=== Task item ===
Word for word, copy the records and drop the pictures.

=== Entries provided ===
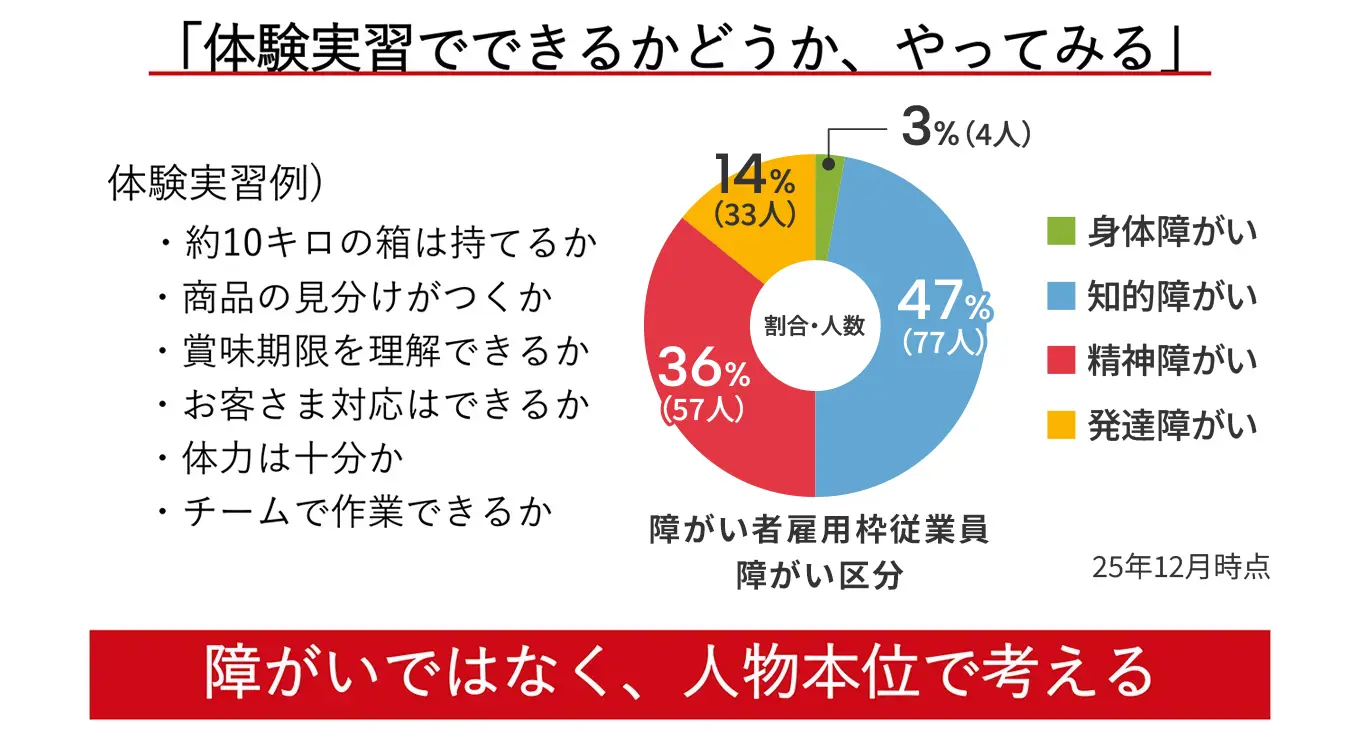 体験実習のグラフ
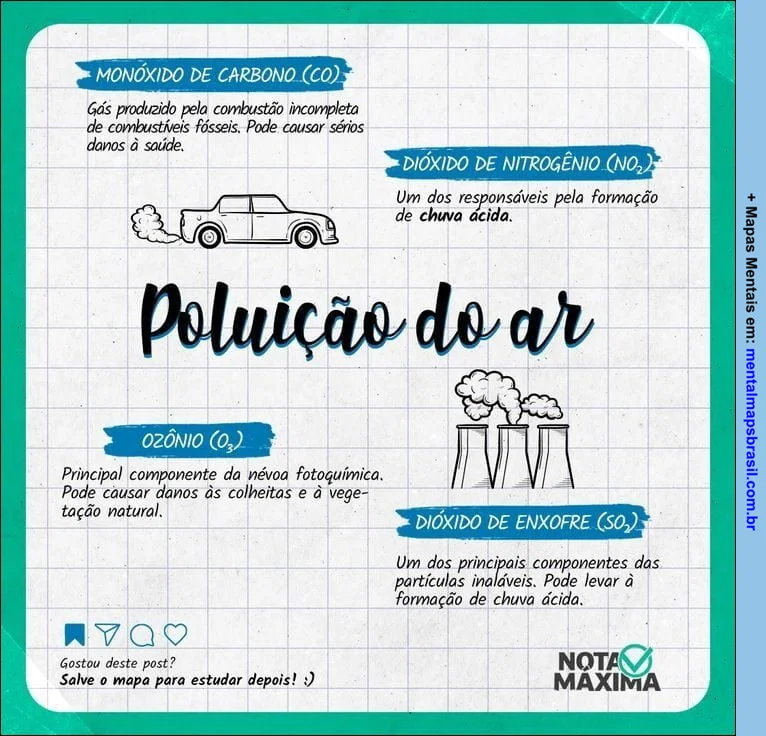 Infográfico sobre poluição do ar, apresentando os principais poluentes: monóxido de carbono, dióxido de nitrogênio, ozônio e dióxido de enxofre, com suas características e efeitos.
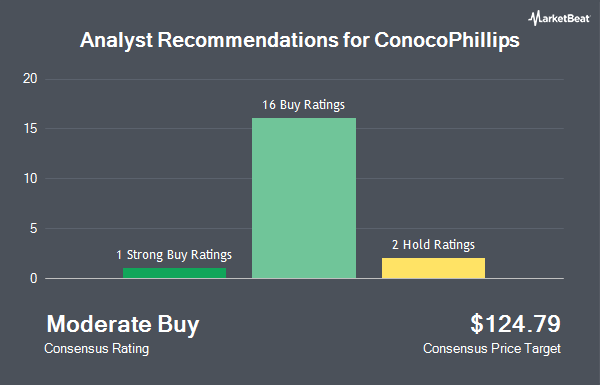 Analyst Recommendations for ConocoPhillips (NYSE:COP)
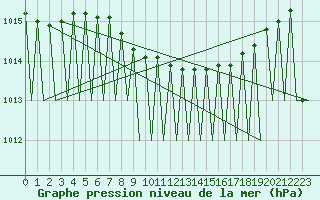 Courbe de la pression atmosphrique pour Kittila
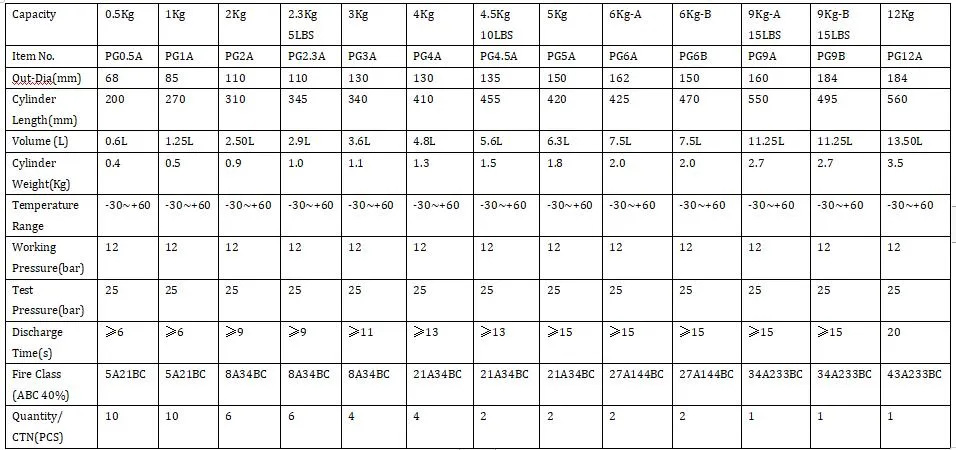 ABC Bc Store Pressure Fire Extinguisher 6kg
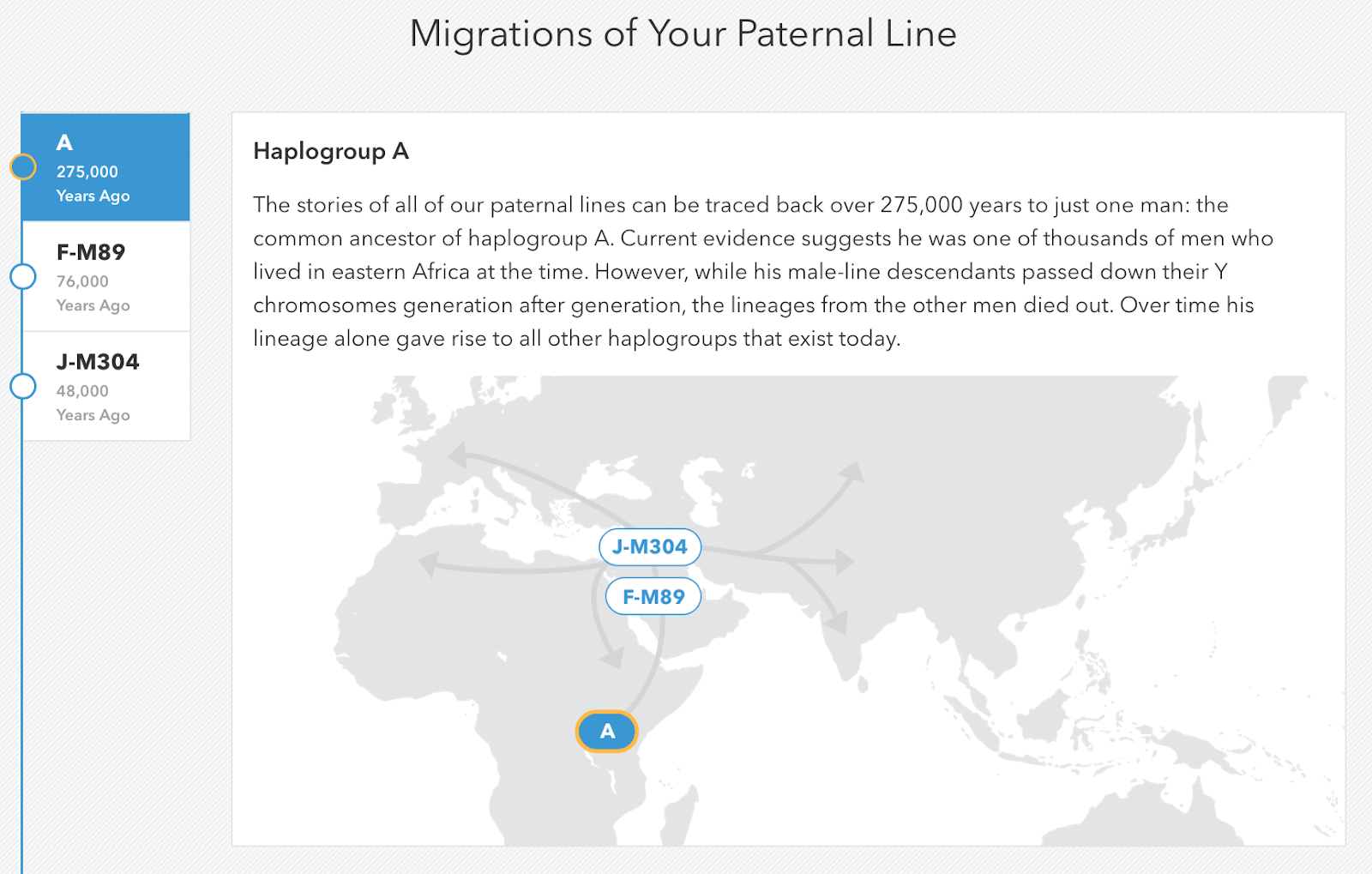 Обзор 23andMe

=== Solution for this problem ===
 体験実習のグラフ
 Infográfico sobre poluição do ar, apresentando os principais poluentes: monóxido de carbono, dióxido de nitrogênio, ozônio e dióxido de enxofre, com suas características e efeitos.
 Analyst Recommendations for ConocoPhillips (NYSE:COP)
 Courbe de la pression atmosphrique pour Kittila
 ABC Bc Store Pressure Fire Extinguisher 6kg
 Обзор 23andMe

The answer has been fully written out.